(Data excerpts)
===============
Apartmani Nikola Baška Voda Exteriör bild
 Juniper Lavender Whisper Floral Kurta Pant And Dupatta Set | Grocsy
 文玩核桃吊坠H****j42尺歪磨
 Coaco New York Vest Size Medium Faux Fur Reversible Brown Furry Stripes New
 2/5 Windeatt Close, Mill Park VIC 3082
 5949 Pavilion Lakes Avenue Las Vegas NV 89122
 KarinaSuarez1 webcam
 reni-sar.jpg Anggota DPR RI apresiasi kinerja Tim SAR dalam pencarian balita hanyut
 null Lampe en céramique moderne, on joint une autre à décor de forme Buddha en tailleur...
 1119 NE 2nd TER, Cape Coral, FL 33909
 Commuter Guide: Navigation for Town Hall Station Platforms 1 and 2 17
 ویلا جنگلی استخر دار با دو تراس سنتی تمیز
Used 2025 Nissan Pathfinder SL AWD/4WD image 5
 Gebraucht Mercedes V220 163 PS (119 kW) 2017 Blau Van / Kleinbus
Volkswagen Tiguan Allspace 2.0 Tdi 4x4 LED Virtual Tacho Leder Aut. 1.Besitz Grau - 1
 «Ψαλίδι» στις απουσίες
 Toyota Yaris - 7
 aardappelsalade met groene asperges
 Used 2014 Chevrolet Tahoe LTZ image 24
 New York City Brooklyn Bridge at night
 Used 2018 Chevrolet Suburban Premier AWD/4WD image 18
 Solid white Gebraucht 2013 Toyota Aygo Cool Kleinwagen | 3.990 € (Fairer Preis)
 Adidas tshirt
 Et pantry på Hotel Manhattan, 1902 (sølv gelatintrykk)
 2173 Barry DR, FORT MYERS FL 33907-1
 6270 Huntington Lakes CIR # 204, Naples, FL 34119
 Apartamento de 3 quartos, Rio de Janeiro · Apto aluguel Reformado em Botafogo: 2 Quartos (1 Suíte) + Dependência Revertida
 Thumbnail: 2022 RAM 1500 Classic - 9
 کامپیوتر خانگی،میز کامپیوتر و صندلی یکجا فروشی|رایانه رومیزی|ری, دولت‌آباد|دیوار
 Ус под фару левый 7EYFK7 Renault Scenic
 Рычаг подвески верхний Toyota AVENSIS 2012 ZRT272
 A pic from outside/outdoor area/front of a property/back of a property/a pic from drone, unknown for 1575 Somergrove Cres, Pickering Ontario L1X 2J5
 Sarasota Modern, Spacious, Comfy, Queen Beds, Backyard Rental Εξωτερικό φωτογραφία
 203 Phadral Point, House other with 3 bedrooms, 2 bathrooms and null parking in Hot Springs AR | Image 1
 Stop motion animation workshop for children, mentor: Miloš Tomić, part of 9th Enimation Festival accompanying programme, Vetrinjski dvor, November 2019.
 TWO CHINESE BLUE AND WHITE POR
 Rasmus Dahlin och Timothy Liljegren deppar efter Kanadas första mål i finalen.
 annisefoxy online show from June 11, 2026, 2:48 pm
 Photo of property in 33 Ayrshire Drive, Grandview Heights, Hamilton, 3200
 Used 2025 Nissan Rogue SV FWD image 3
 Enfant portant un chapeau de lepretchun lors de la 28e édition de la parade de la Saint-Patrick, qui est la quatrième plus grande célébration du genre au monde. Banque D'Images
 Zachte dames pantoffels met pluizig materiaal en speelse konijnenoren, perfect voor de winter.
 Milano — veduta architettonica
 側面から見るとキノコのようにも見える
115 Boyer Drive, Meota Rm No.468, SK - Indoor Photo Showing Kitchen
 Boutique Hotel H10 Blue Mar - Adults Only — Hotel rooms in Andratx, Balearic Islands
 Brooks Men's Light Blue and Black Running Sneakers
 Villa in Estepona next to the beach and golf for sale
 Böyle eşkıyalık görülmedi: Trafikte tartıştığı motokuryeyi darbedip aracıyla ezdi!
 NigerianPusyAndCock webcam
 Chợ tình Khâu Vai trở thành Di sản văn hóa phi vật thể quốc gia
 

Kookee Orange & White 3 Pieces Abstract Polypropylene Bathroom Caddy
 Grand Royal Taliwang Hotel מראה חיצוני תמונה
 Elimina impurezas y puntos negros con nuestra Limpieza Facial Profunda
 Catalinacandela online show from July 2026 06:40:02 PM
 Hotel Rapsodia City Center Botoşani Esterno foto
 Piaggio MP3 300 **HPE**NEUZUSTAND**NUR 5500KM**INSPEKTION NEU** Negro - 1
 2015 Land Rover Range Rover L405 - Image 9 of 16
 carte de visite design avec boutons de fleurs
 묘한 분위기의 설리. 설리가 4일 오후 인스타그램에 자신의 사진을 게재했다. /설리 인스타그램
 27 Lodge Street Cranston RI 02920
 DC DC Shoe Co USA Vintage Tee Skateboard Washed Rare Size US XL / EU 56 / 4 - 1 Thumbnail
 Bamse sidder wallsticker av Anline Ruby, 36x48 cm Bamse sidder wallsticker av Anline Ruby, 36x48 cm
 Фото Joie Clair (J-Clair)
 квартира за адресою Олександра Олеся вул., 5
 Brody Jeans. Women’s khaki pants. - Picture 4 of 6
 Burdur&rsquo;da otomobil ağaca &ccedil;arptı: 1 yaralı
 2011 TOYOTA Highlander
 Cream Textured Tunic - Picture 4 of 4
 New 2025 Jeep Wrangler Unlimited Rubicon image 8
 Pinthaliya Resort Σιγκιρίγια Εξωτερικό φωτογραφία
===============
TASK STATEMENT –
If a line of the records above holds the word "webcam", show it.

TASK SOLUTION –
 KarinaSuarez1 webcam
 NigerianPusyAndCock webcam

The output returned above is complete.